Smart Solitude

Solitude is vital, loneliness is destructive. Let’s talk about the difference.


Smart Summary

There’s a big difference between the solace of being in solitude – the ability to wind down from daily demands and distractions, vs just being alone.

Being alone doesn’t lead to helping us develop healthy mental habits, but a habit of solitude does!

Here’s the SMARTLife path to healthy solitude:


Solace

What do we mean? This probably isn’t a familiar word. It means to give comfort to, to alleviate anxiety. To comfort grief. Solitude is the “quality or state of being alone.” I love that distinction of the quality of being alone. That’s perfect for understanding smart solitude. The goal of solitude isn’t just to be alone. Especially being alone to hide out or avoid something or someone – that’s not good. Figuring out how to cultivate a quality or being alone is to make space for solace. It’s more important that it’s mental space than physical space, but it’s great if you can put them both together. 


Meditation

One thing you can do with your mental space in solitude is to meditate. This can mean lots of things with various definitions and cultures, but to help us focus here, I’m referring to filling your mind intentionally with smart stuff. It might start with emptying your mind, like taking out the trash, but make sure you end up intentionally filling your mind with truth. Things like what you’ll find in the Assessment and Reflection sections, more on this in the Truth section.


Assessment

From a place of Solace, make an assessment of where you are at. Not in the “I’m a loser, I’m so far behind. I’m no good” self-condemning way. More like in a “I’m trying to get to somewhere else, so let’s use a map to find directions” kind of way. There’s tons of assessment tools to try, but remember the most important assessment is between you and what you believe you are called to become and do – in that order, please! Become first, then do.

Reflection

We’re often more driven here to a place of reflection wondering “what’s going on? How did that go wrong? What did I do? What did they mean?” and more winding up alone as a result, rather than choosing to come and reflect. However you wind up reflecting, don’t just rehearse what is going wrong. Reflect on your progress. This sounds something like “it used to take me 3 weeks to stop feeling hurt/disappointed/angry, etc. now it only takes a few days until I start to feel better and remember to take time to recover.” Or “I was really offended the last time someone said/did this, I think this time I’ll just forgive and move on.”


Truth

As we cultivate solace, and make progress in meditation and reflection, we have time to determine and filter what we believe is truth. We get better at making choices about what to believe. There’s a lot of “this is my truth” floating around, mostly using the word “truth” as a synonym for “experience”. It’s understandable, but unfortunate. It’s true what you experienced. But is the truth limited to only what we individually experience? I hope not. A big part of the SMARTLife is to discover and use our power of choice. That means selecting from alternatives. If I’m thinking I’m limited to just what I have experienced as the only source of truth, I’m overlooking a lot of other alternatives.
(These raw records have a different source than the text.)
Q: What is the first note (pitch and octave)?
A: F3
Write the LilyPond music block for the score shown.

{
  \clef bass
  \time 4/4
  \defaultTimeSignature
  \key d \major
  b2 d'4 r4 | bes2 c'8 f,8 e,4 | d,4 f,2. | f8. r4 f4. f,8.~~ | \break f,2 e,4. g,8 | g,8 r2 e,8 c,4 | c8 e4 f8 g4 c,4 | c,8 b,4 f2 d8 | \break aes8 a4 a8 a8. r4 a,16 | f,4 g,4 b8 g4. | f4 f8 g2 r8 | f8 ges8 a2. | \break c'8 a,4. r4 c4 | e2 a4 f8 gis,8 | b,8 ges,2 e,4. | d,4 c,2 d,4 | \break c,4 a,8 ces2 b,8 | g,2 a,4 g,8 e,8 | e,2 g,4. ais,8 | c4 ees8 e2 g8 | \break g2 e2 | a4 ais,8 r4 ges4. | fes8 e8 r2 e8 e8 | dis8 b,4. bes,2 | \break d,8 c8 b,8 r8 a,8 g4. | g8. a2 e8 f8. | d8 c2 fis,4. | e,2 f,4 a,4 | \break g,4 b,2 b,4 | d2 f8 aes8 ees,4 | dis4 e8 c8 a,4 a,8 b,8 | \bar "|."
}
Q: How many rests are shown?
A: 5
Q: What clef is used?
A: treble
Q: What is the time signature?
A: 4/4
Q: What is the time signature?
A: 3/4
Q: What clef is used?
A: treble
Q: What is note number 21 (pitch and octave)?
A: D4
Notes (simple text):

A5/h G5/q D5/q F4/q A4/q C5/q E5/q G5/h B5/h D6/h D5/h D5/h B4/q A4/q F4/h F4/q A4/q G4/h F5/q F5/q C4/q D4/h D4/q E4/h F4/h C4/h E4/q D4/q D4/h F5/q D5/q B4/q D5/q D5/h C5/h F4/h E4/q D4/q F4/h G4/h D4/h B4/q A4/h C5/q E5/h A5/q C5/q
If I’m telling someone else I don’t believe what they think or experience is valid, that’s a problem. The smarter way to seek truth is to acknowledge what we and others have experienced as a true fact, but not to substitute an experience for the truth. It’s helpful and liberating to know that what I have experienced up to this point isn’t the only alternative.

Personally I believe in an external standard of Truth, which is a comforting thought that there’s a higher set of alternatives that I can aspire to understand and apply to whatever my situation and current experience is. The flip side is the more we believe in a standard of Truth, the fewer things we can include as we choose the definition, including our own experiences.


The 
DUMB choices we sometimes make set us up to substitute healthy solitude for these not smart options:

Distraction

Does anyone need me to point out or define the zillion options available to distract us? Just think about your recent choices for what’s filling up the time you could be spending enjoying the benefits of finding solace through solitude.


Un-attachement

At some point you concluded “it’s just not worth it”, “it’s too hard” and you choose to just “unattach” (I think the official word is actually “detach”) and go it alone. It’s true that being and remaining attached to your purpose, people, and passion is less comfortable, much harder. Living unattached is easier, but living without connection and not providing benefit to others  – that’s not SMART.


Making Comparisons

Assessing who we are and what skills we can develop is great. You can find some assessments in the Smart Stuff. But using that information to create a comparison to someone else – that’s not SMART.


Becoming Someone Else

Yikes! We don’t need another copycat or fake online personality. We need the beautiful, powerful, unique, capable you. Use the SMART ideas here and the SMART Stuff tools to find the real you, and share it with us – please!